High wind speeds in the first quarter of 2017 brought record levels of wind generation to the UK power market. This was in sharp contrast to the fourth quarter of 2016, when low wind generation levels combined with low levels of interconnector imports created high electricity market prices.
These are the findings of energy market monitoring firm EnAppSys, which has published its latest report on the performance of the British electricity market in the first three months of this year. It makes for good reading for renewable energy sector interests.
In the January to March period electricity prices dropped by 10 per cent from the previous quarter as availability levels at power stations increased, with plants able to become fully available by the turn of the year. This, coupled with increased levels of net power imports from Ireland and the continent, helped to increase supply margin – the difference between capacity and demand. The wider margins ensured that the market was less volatile than it had been in Q4 2016, when prices rocketed amid unfavourable market conditions.
After the disappointing Q4 2016, the first quarter of 2017, by contrast, saw a record 11.3TWh of generation at wind farms, up 23 per cent on the previous quarter. Gas-fired power generation was slightly supressed by this but nonetheless remained the dominant power source, providing 40.7 per cent of Britain’s energy needs during the period.
Coal generation remained relatively low despite a 21 per cent increase from the previous quarter due to improvements in the relative cost of production versus gas. This represented a significant rebound from the very low levels of coal-fired power generation seen over the summer months when it plummeted to record low levels.

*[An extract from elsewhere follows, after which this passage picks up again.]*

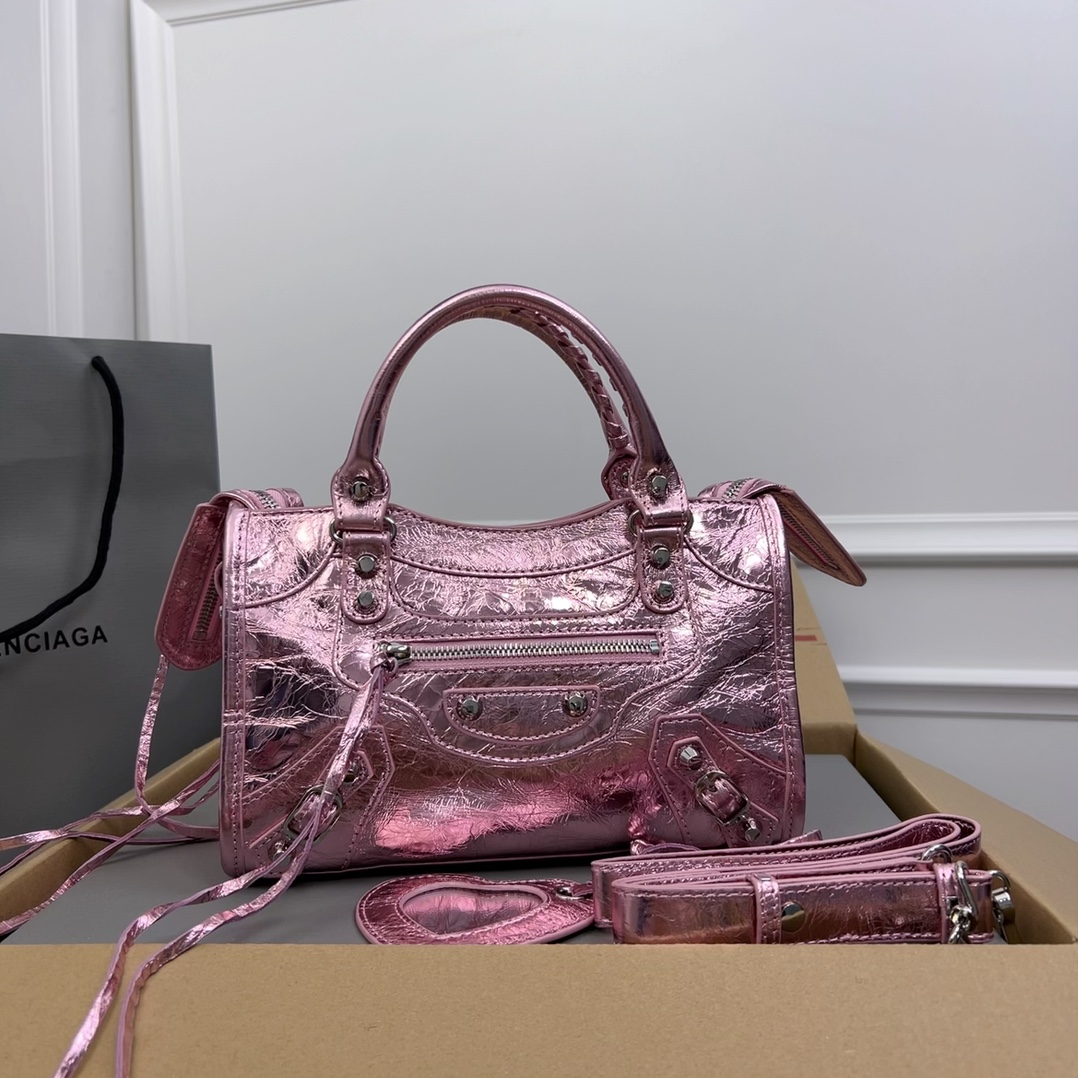 BALENCIAGA Metallic Agneau Arena Crystal Neo Cagole Handbag XS Met Pink 1588584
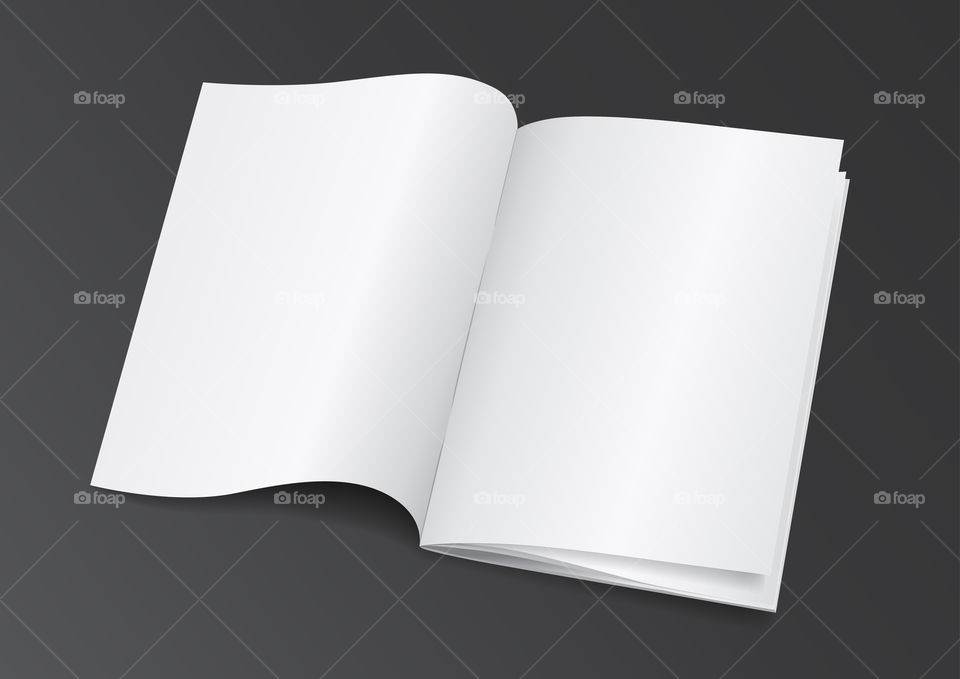 Open blank white brochure or magazine for mockup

If extended, this rebound could represent something of a reprieve for some coal stations, with Eggborough coming back into the market in winter 2017/18, although the long-term market outlook still looks set to favour gas over coal as the primary source of conventional power production.
Levels of market activity in the summer are likely to continue in a similar vein to that seen in the first quarter, with levels of solar generation having picked up considerably year-on-year and imports from France returning to normal after issues at nuclear plants were resolved.
This activity meant that Britain’s fuel mix during Q1 was derived from: CCGT plants (40.7 per cent), renewables (23.4 per cent), nuclear (20.1 per cent), coal (11.8 per cent) and interconnectors (3.9 per cent).
Paul Verrill, director of EnAppSys, said: “The contrast between the two quarters in winter 2016/17 was vast. While the final quarter of 2016 saw low winds, low power imports and low availability – translating into high prices – the first quarter of 2016 saw completely different market activity, translating into much lower prices.”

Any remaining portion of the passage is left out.